That there is any coordination what so ever between the United States and the Taliban is even more interesting given how uncertain the future of the recent deal aimed at ending the conflict between the two parties remains. McKenzie's comments on Capitol Hill come just a day after the U.S. military confirmed it had begun troop withdrawals under that agreement, which U.S. and Taliban representatives signed in Qatar on Feb. 29. There are now reports that American forces have left or are in the process of leaving facilities in the Lashkar Gah, the capital of Afghanistan's southern Helmand Province, and in the northwestern city of Herat.

The deal stipulated that American troops would begin with pull out of the country within 10 days of that signing ceremony.

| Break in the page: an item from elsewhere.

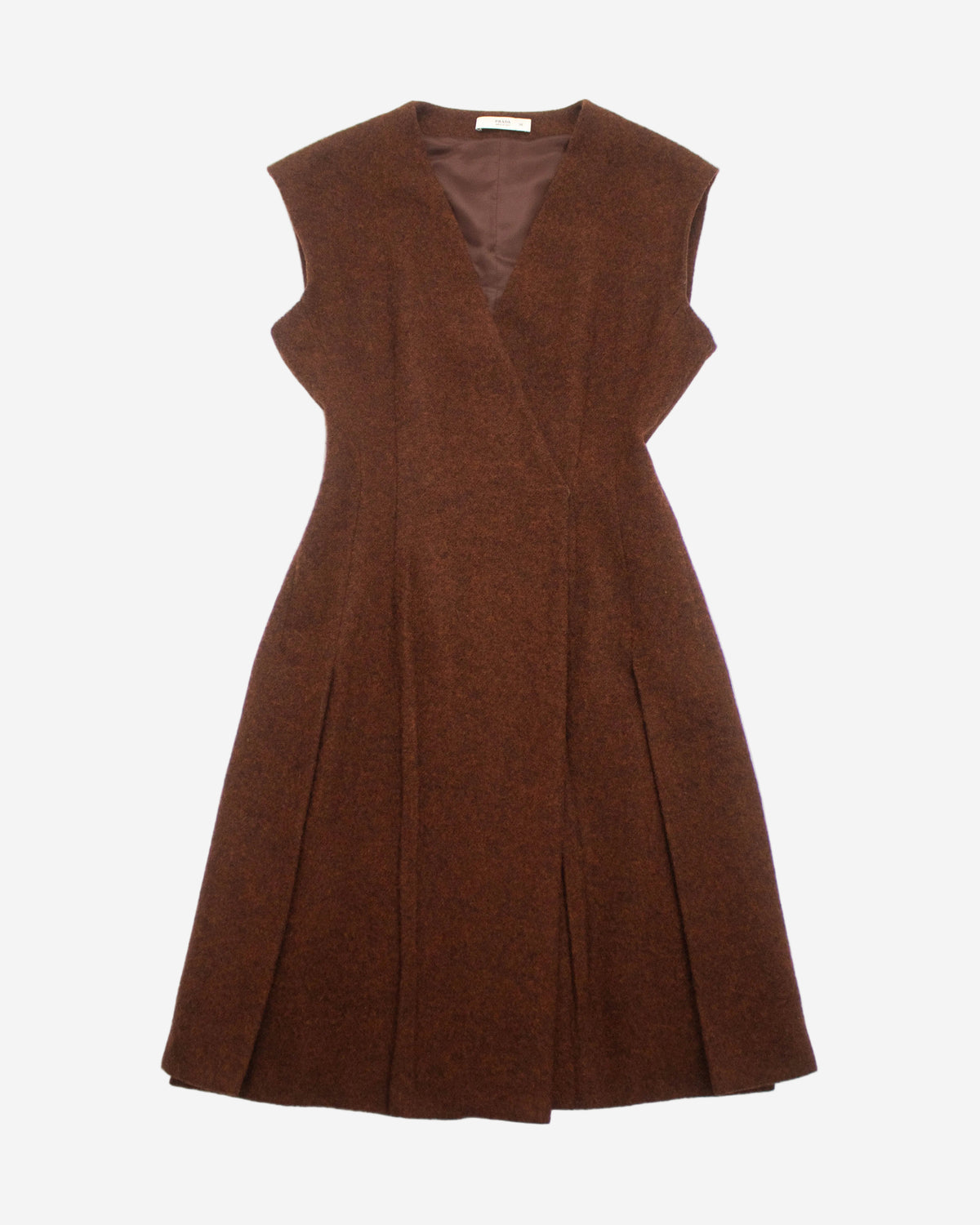 Vintage F/W 2009 Prada Terracotta Brown Wool Runway Dress / IT 38 (XS)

The deal followed a week-long "reduction in violence" period wherein the Taliban scaled back operations in a show of good faith.

USAF

US Air Force personnel load cargo onto a C-130J Hercules airlifter at Bagram Airfield in Afghanistan.

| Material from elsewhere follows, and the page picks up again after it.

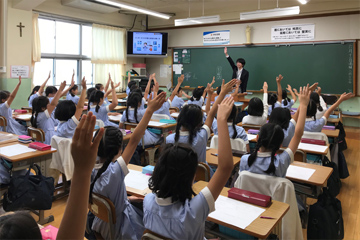 An e-Net Security Class being held at an elementary school classroom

Under the present plan, the United States expects to draw down the total size of its force in Afghanistan from 13,000 personnel to 8,600 personnel. The U.S. military could withdraw the vast majority of its forces within 14 months if the Taliban meet certain security and other conditions. McKenzie also told lawmakers that he had not yet developed any plans for a complete or near-complete withdrawal. 

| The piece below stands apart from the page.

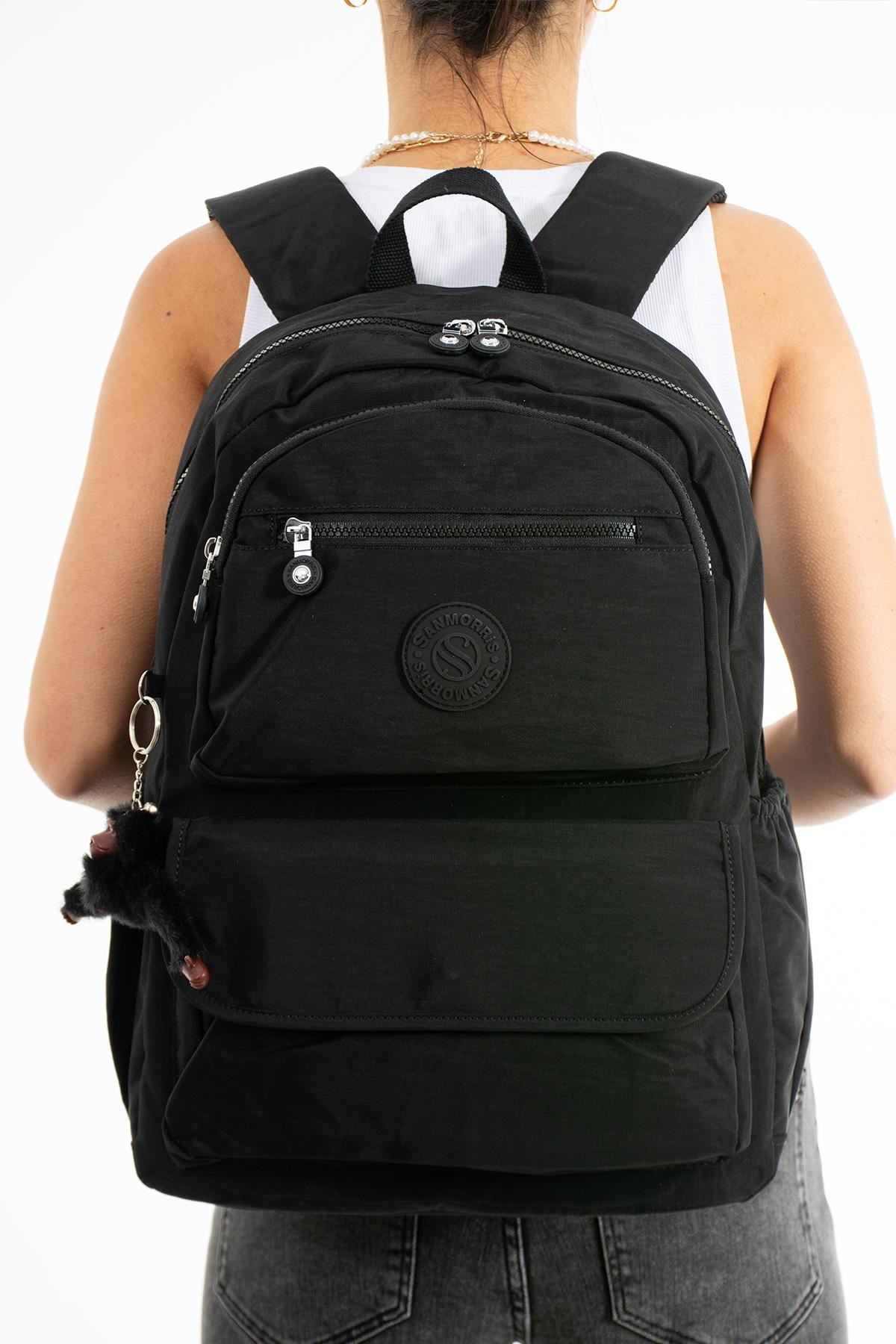 Unisex Suya Dayanıklı Kumaş Laptop Bölmeli Büyük Boy Açık Gri Renkli Okul Seyahat Sırt Çantası - SİYAH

However, President Donald Trump's Administration had said that it would begin those withdrawals even if the Taliban did not immediately show signs it was living up to its end of the bargain. There also are reports that the U.S. Intelligence Community has evidence that the group does not plan to abide by the terms of the agreement.

The Taliban also notably decided not to extend the reduction in violence period and have continued launching attacks. McKenzie downplayed this to legislators saying the incidents had been "relatively low in scale" and that "they are not directed against coalition forces," but rather against the Afganistan government's security forces.

Beyond that, Afghanistan's own internationally recognized government, which was not involved in the negotiations that led up to the U.S.-Taliban agreement, had balked at conditions it is now supposed to fulfill as part of a push toward a final peace deal for the country. Demands for the release of thousands of members of the terrorist group that are presently charactered in the country has been a particularly major sticking point, though President Ashraf Ghani appears to be softening on the issue.

It's also important to note that Ghani was only officially declared the winner of Afghanistan's most recent presidential election last month, five months after voters had gone to the polls. That election was mired in controversy and allegations of fraud. Ghani formally took the oath of office on Mar. 9, but his opponent, Abdullah Abdullah, did the same, establishing a parallel government and creating a massive political crisis.

Alexey Vitvitsky/Sputnik via AP

Ashraf Ghani, at right, shakes hands with Abdullah Abdullah at the NATO Summit in Warsaw, Poland, back in 2016.

There is also the distinct possibility of increased domestic opposition to the deal with the Taliban following McKenzie's remarks. Republicans, as well as Democrats, have criticized the Trump Administration over its dealings with the terrorist group already.

No matter what, Afghanistan's political landscape is very much in flux at the moment, which may only further increase the incentives for the U.S. military and the Taliban to continue their newfound partnership of convenience, even at a limited level, in the fight against ISIS-K.